11 U.S.C. § 362(d)(1).

I. Continuation of the New York Litigation

Although cause is not defined in the Code, Congress did intend that the automatic stay be lifted to allow litigation involving the debtor to continue in nonbankruptcy forums under certain circumstances. See, H.R.Rep. No. 595, 95th Cong., 1st Sess. 341 (1977); S.Rep. No. 989, 95th Cong., 2d Sess. 50 (1978), reprinted in 1978 U.S.C.C.A.N. 5787, 5836, 6297 ("[I]t will often be more appropriate to permit proceedings to continue in their place of origin, when no great prejudice to the bankruptcy estate would result, in order to leave the parties to their chosen forum and to relieve the bankruptcy court from any duties that may be handled elsewhere.") "`Cause' for granting relief from the stay may exist if the equities in a particular case dictate that a lawsuit . . . should proceed in a forum other than the bankruptcy court for the purpose of liquidating the claim on which the lawsuit is premised." In re Marvin Johnson's Auto Service, Inc., 192 B.R. 1008 (Bankr.N.D.Ala.1996). In determining whether cause exists, the bankruptcy court must balance the potential hardship that will be incurred by the party seeking relief if the stay is not lifted against the potential prejudice to the debtor and the bankruptcy estate. Internal Revenue Service v. Robinson (In re Robinson), 169 B.R. 356 (E.D.Va.1994).
There are two cases that are primarily relied upon by other courts which provide a number of factors a court should consider in balancing the equities of the case to determine whether cause exists.

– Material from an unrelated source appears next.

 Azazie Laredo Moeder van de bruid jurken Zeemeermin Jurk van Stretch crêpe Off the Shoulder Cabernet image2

The first is In re Curtis, 40 B.R. 795 (Bankr.D.Utah 1984). The court in Curtis stated that the factors to be considered in making a determination of whether or not to grant relief from the stay for cause are as follows:
(1) Whether the relief will result in a partial or complete resolution of the issues.
(2) The lack of any connection with or interference with the bankruptcy case.

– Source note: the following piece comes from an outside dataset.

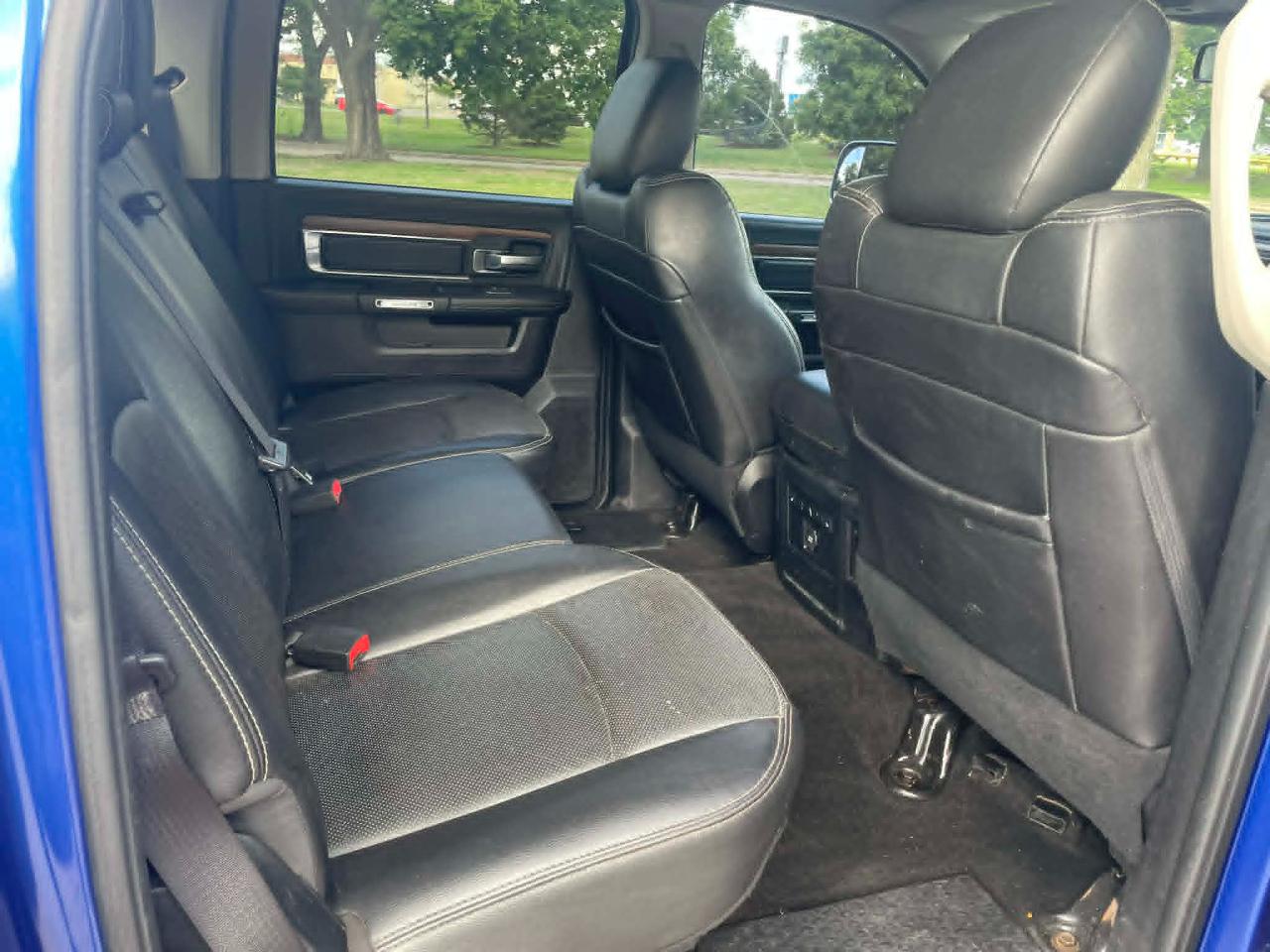 RAM 1500 Laramie Crew Cab SWB 4WD 2016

(3) Whether the foreign proceeding involves the debtor as a fiduciary.
(4) Whether a specialized tribunal has been established to hear the particular cause of action and that tribunal has the expertise to hear such cases.

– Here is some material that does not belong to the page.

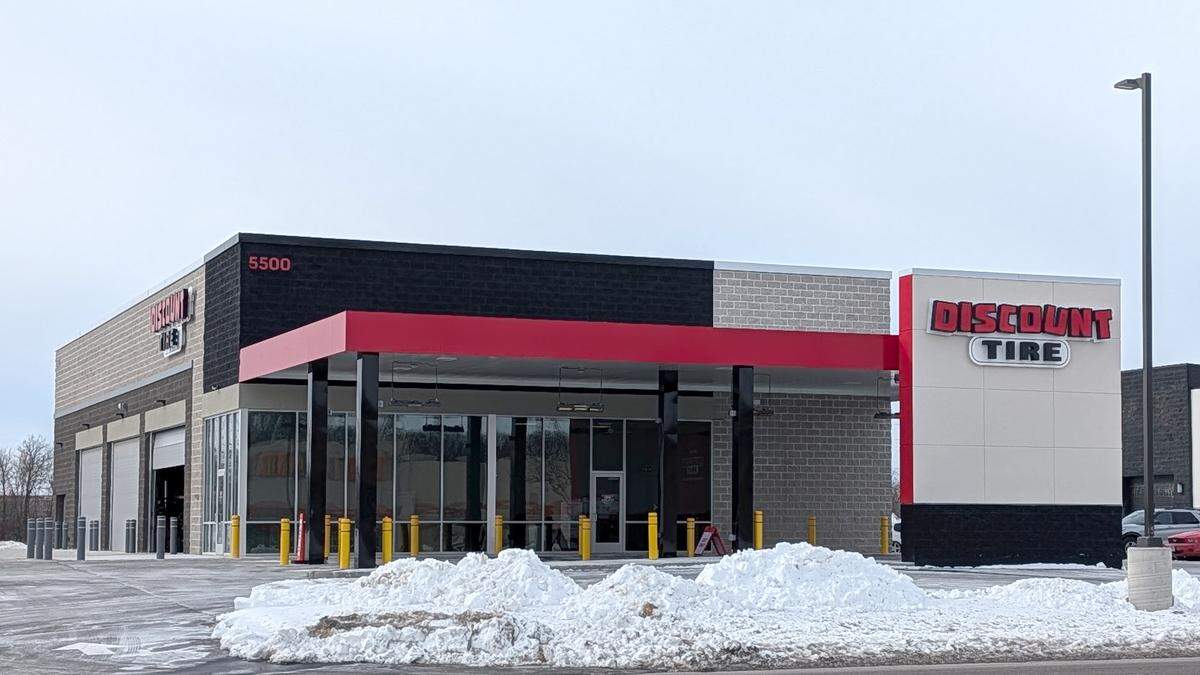 Discount Tire, 5500 Belleville Crossing St., Belleville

(5) Whether the debtor's insurance carrier has assumed full financial responsibility for defending the litigation.
(6) Whether the action essentially involves third parties, and the debtor functions only as a bailee or conduit for the goods or proceeds in question.
(7) Whether litigation in another forum would prejudice the interests of other creditors, the creditors' committee and other interested parties.
(8) Whether the judgment claim arising from the foreign action is subject to equitable subordination under Section 510(c).
(9) Whether movant's success in the foreign proceeding would result in a judicial lien avoidable by the debtor under Section 522(f).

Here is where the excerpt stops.